Manageable refinancing and interest rate risks. Soilbuild REIT termed out its debt profile, with approximately the same amount of debt expiring each year over 2015-2018. At the same time, 80% of total debt is hedged with interest rate swaps. With the interest rate environment remaining favourable, in the near-term we do not foresee significant increase in the cost of debt.
Potential impact from JTC proposed rent revision. Soilbuild REIT is contesting the proposed revision in land rent and subterranean rent that would increase the rent payable on Solaris by S$3.5m p.a., as the manager believes it has a strong case.
If the ruling is not favourable, our FY15-17 DPU forecast remains unchanged till 15 Aug 2018 as Solaris is under a triple net lease which passes through the land rent. However, the fall in DPU thereafter would result in the DDM-derived fair value falling to S$0.90, based on our estimates.

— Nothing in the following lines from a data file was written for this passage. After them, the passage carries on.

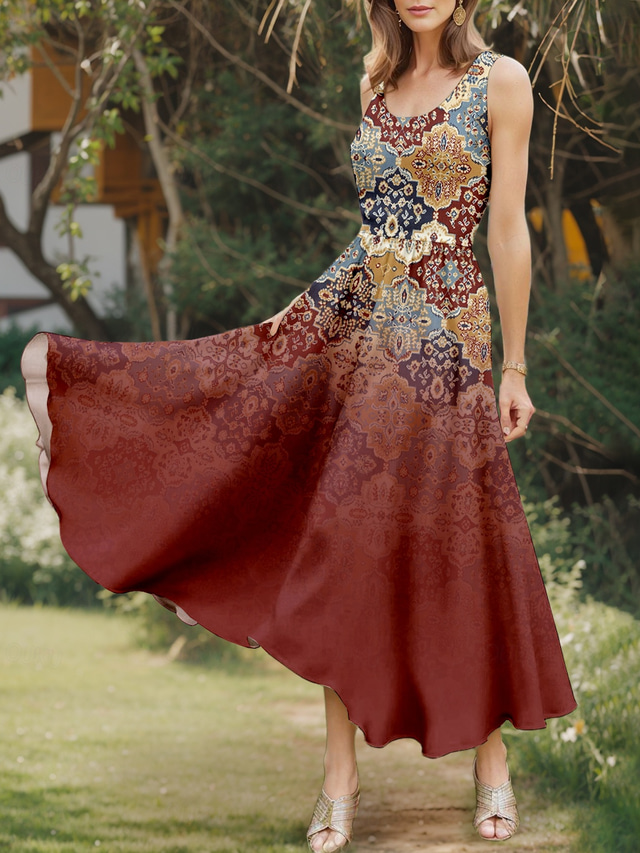  Per donna Abito Midi Vestito Estivo Abito a trapezio Abito a spalle scoperte Vacanza Casual Uscire Vestibilità standard Grafico Geometrico Senza Maniche Collo a U Vino Estate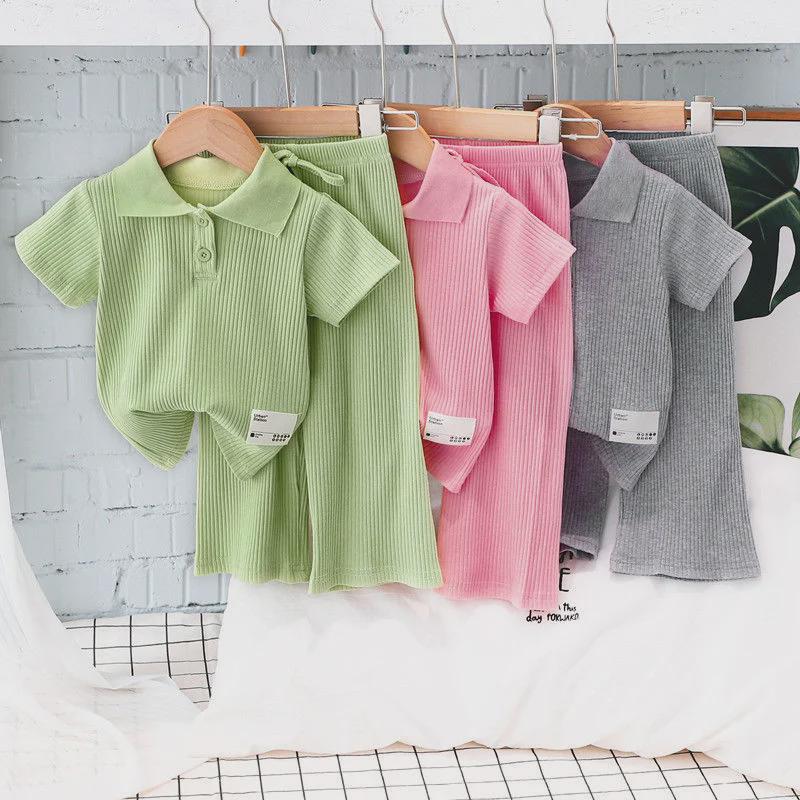 Girls' Summer Trendy Short-Sleeve Sports Suit - Stylish Two-Piece Set for Baby Girls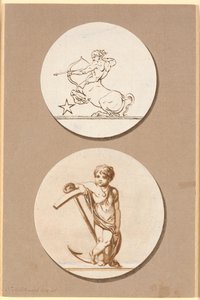 Udkast til to cirkelrunde relieffer, øverst en bueskydende centaur, nederst en lille dreng støttet til et anker af Nicolai Abildgaard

Maintain BUY with 8.0% FY15 yield in sight. Even after factoring conservative assumptions (fall in occupancy, increases in financing costs) which weighed on our DPU estimates in FY15-17, we estimate 29% upside (incl dividends) with a DDM-derived fair value of S$0.95. In the event that the JTC land rent on Solaris is increased, the corresponding fall in DDM-derived fair value to S$0.90 still puts Soilbuild REIT with an attractive 22% upside potential (incl dividends).
If the European Central Bank does not disappoint in delivering QE, we think this may provide Soilbuild REIT with a catalyst to realize its fair value, while we note that the average REIT has already seen ~3% increase in share price over the past week.